As it jumps around these locations, it explores with sharp insight and sometimes laugh-out-loud humour the special role these enterprises play in the lives of African men who feel free to speak about what is on their minds, unconstrained by political correctness and safe enough to challenge prevailing views or to boast and brag.

In each of the half-dozen spots visited here, the barbers and their customers are watching the same Barcelona vs Chelsea football final, with varying comments about supporting a team and racism in the sport. From confession-box to soccer-stadium, the barber shop covers a range of valuable functions.

The central focus is on the Three Kings barber shop in London where young Samuel (Fisayo Akinade) wields the clippers with Winston (Anthony Welsh) a thirty-something Caribbean and Emmanuel (Cyril Nri), the Nigerian proprietor. Believing that his dad was unjustly ousted as a partner in this business and wrongly sent to jail, Sam seethes with resentment at the kindly Emmanuel and we await climactic revelations.

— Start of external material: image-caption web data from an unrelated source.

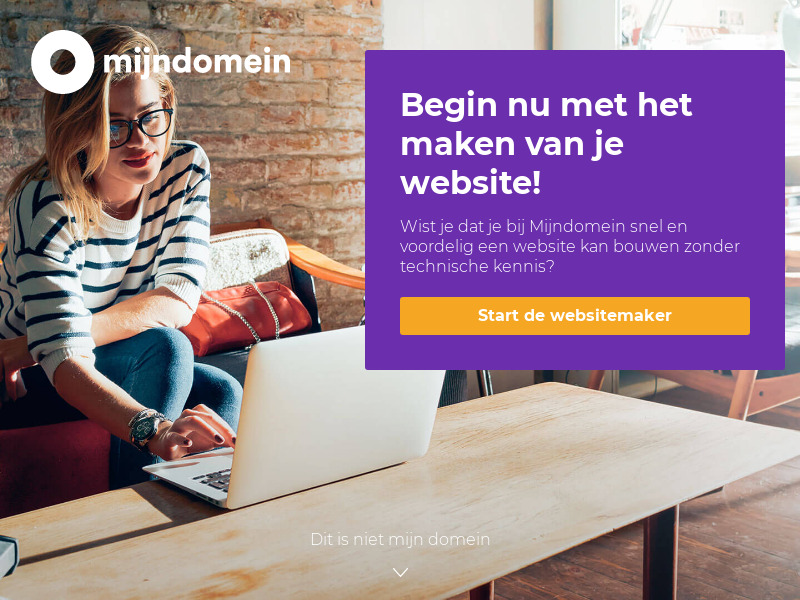 Screenshot van website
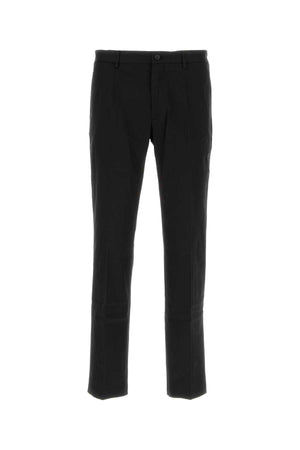 DOLCE & GABBANA Essential Black Stretch Cotton Pants for Men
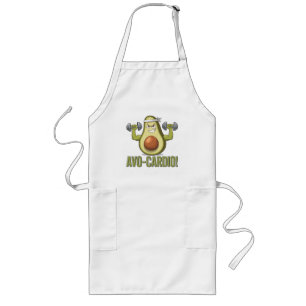 Funny Avo-Cardio Avocado Fitness Design Lange Schürze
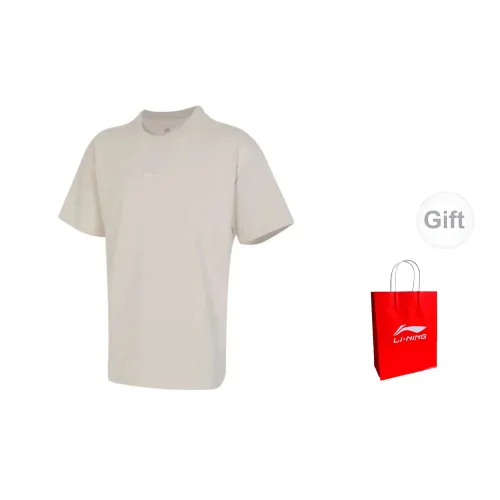 Nike T-Shirts Men Apricot Short-sleeved + Gift Bag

Difficult relationships between fathers and sons – and the question of how you achieve a casting agent's idea of “strong, black masculinity” in the absence of role models – permeate the piece. These considerations intersect with the show's linguistic preoccupations (the importance, say, of pidgin as a language of protest). In Johannesburg, Simphiwe (Patrice Naiambana) recalls a childhood so impoverished as a result of paternal abandonment that he'd charge white kids a dollar to call him “kaffir”, that deeply offensive Afrikaans term.

Bijan Sheibani stages the piece with an exhilarating dynamism in this brilliantly acted co-production between the National Theatre, the West Yorkshire Playhouse and Fuel. The audience sits round the perimeter and the changes of scene have a beauty and wit of their own – sometimes fully choreographed as a formation dance (barbers flapping out their capes like toreadors, etc) or in a soft chant of place names, the country indicated by the lit-up area on the great wire globe that hangs above Rae Smith's set.

Arrive in good time as the mood of pleasurable inclusive warmth is established in a pre-show entertainment where punters (of whatever gender) can volunteer to have a quick consultation and a (pretend) cut in the chair and then a bop on the floor to pounding world music.

The evening resounds to the delighted laughter of recognition, especially when, in the London strand, Hammed Animashaun’s hilarious Muhammad weighs up whether it's better to date a white woman or the black woman if they both like you but you don't have a good job.

The actors (some of them playing several roles) are beautifully attuned to the unsolemn vigour with which the characters discuss some touchy subjects, especially relating to South Africa (did Mandela sell out to the whites?) and to Robert Mugabe. You get to hear from a wonderfully diverse bunch of men and to feel the gathering emotional power as you become aware that there is a web of association linking these apparently disconnected figures.

Such an ambitious piece and so life-affirmingly realised. Go.